[Listed entries — start]
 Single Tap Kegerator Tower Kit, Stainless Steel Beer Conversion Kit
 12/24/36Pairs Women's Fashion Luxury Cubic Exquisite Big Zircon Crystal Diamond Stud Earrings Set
[Listed entries — finish]
[Listed entries — start]
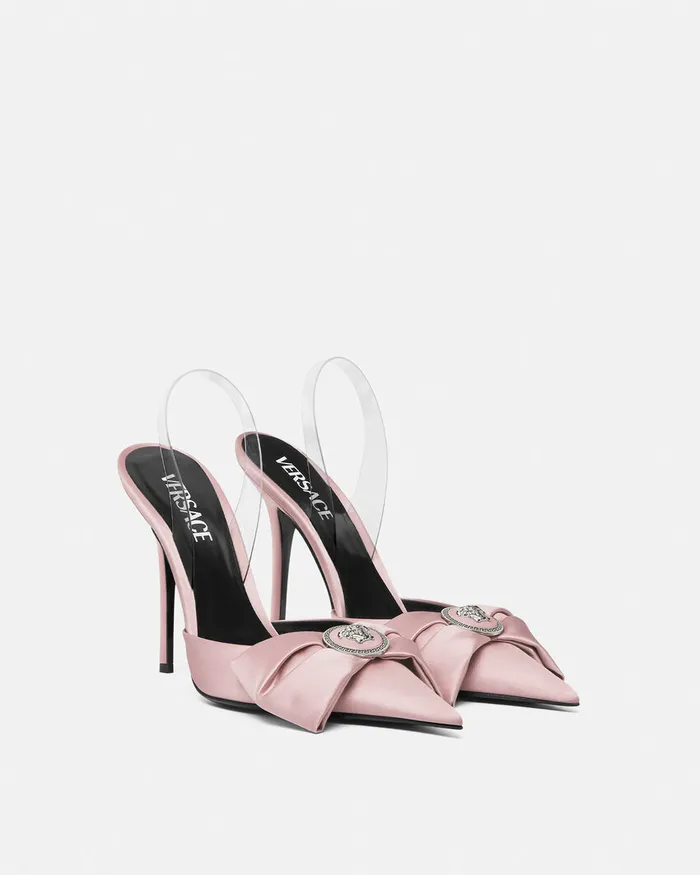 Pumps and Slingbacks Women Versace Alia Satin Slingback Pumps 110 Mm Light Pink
[Listed entries — finish]
[Listed entries — start]
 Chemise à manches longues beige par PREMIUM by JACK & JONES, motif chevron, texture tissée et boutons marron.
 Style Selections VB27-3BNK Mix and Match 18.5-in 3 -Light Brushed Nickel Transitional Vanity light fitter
[Listed entries — finish]
Restate word for word only the lines above from the line containing "Single Tap Kegerator" to the line containing "12/24/36Pairs Women's Fashion", both of them included.

Exercise response ->
 Single Tap Kegerator Tower Kit, Stainless Steel Beer Conversion Kit
 12/24/36Pairs Women's Fashion Luxury Cubic Exquisite Big Zircon Crystal Diamond Stud Earrings Set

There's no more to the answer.